◆ What you should do ◆
Starting at the line that holds "White plastic window", quote every line through the end of the records, both boundary lines included. Omit the pictures.

━━━

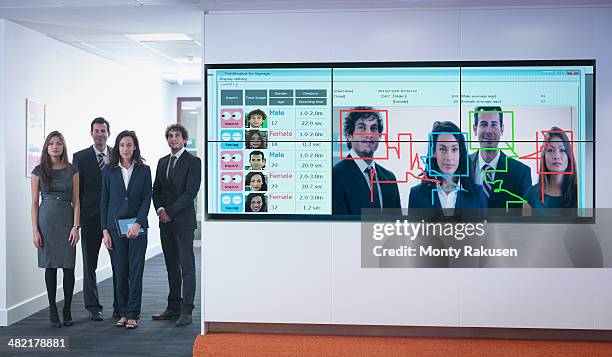 portrait of office workers standing next to face recognition software system - facial recognition technology stock pictures, royalty-free photos & images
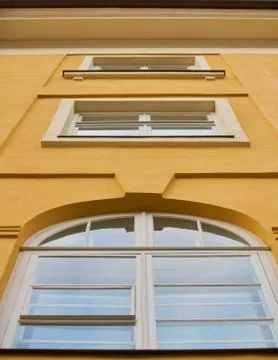 White plastic window on the yellow facade Stock Photos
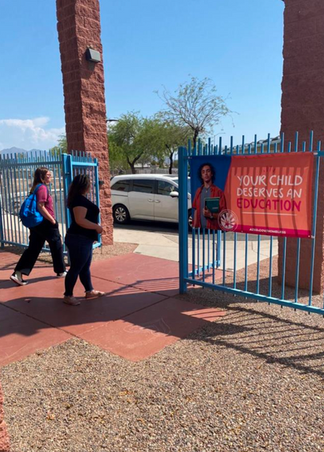 Image of campaign asset outside on a fence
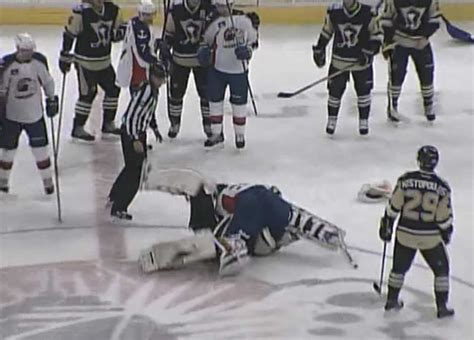 Ahl Hockey Goalie Fight At Center Ice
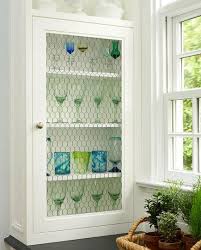 Chic country kitchen boasts upper cabinets, with backs of shelves lined with gray damask wallpaper, accented with chicken wire doors. Chicken Wire Mesh Cabinets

━━━

◆ Answer to this task ◆
 White plastic window on the yellow facade Stock Photos
 Image of campaign asset outside on a fence
 Ahl Hockey Goalie Fight At Center Ice
 Chic country kitchen boasts upper cabinets, with backs of shelves lined with gray damask wallpaper, accented with chicken wire doors. Chicken Wire Mesh Cabinets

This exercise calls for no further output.